198201409894). Issued from 2016 onwards.
Quick reference
| What you want | Call |
|---|---|
| Validate one NIC and decode it | validate_nic("820149894V") |
| Yes/no check | is_valid_nic("820149894V") |
| Old → new format | convert_nic("820149894V") |
| Audit a list / DataFrame | validate_nic(df, nic_col=..., dob_col=..., ...) |
validate_nic
The headline function. Accepts a single string or any batch input — list, list-of-dicts, pandas DataFrame, or polars DataFrame.
Single NIC
from helakit import validate_nic
result = validate_nic("820149894V")
result.is_valid # True
result.normalized # "820149894" (V/X stripped, used for dedup)
result.data["decoded"] # NICDecoded(...)
decoded = result.data["decoded"]
decoded.format # "old"
decoded.dob # datetime.date(1982, 1, 14)
decoded.gender # "male"
decoded.age # 44 (computed at call time)
decoded.voting_eligible # True
decoded.serial # 989
decoded.check_digit # 4
ValidationResult is truthy when is_valid is True, so the rich
form drops into if statements naturally:
if result := validate_nic(user_input):
print(result.data["decoded"].dob)
else:
for err in result.errors:
print(err.code, err.message)
Restricting the format
validate_nic("820149894V", format="old") # passes
validate_nic("820149894V", format="new") # rejected with nic.format_mismatch
Old-NIC century
Old NICs encode only the last two digits of the birth year. Helakit defaults to 1900s because the format was retired in 2016 and almost every old NIC in circulation belongs to a 20th-century birth. If you have a known cohort that goes the other way, override it:
validate_nic("100149894V", century=2000)
# decoded.year == 2010
Boolean shorthand
from helakit import is_valid_nic
is_valid_nic("820149894V") # True
is_valid_nic("garbage") # False
is_valid_nic("820149894V", format="new") # False
is_valid_nic is scalar-only. For batch checks, use
validate_nic and inspect each result.
convert_nic
Old → new conversion. The reverse direction is not supported because new NICs do not encode the V/X voting flag.
from helakit import convert_nic
convert_nic("820149894V") # "198201409894"

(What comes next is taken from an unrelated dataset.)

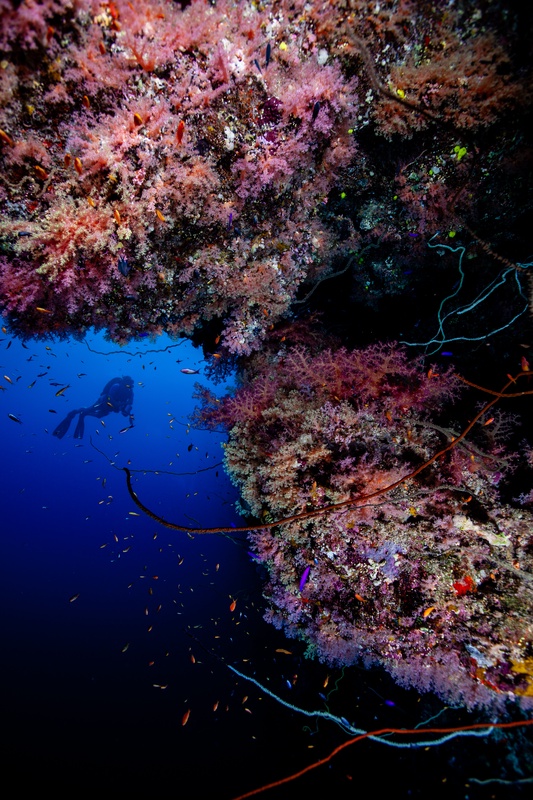 Diver drops below an overhang smothered in pink and purple soft corals.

convert_nic("198201409894") # "198201409894" (idempotent)
convert_nic("garbage") # raises NICFormatError
For lists and DataFrames see the Batch input section below.
Batch input
validate_nic and convert_nic accept four batch shapes; the return
type follows the input shape.
List of strings
batch = validate_nic(["820149894V", "820149894X", "199201409894"])
batch.summary.valid # 3
batch.summary.duplicate_groups # 1 (the V and X stripped to the same key)
batch.duplicates # {"820149894": [0, 1]}
for result in batch:
print(result.is_valid, result.normalized)
List of dicts (with cross-checking)
When you supply dob_col and/or gender_col, helakit cross-checks the
decoded NIC fields against your supplied values and records any
mismatch in detail.
rows = [
{"nic": "820149894V", "dob": "1982-01-14", "gender": "M"},
{"nic": "820149894V", "dob": "1982-03-14", "gender": "F"},
]
batch = validate_nic(
rows,
nic_col="nic",
dob_col="dob",
gender_col="gender",
)
batch.summary.dob_mismatches # 1
batch.summary.gender_mismatches # 1
mismatch = batch.results[1].data
mismatch["mismatch_reasons"] # ["dob", "gender"]
mismatch["mismatch_detail"]
# "dob: NIC says 1982-01-14, supplied 1982-03-14;
# gender: NIC says male, supplied female"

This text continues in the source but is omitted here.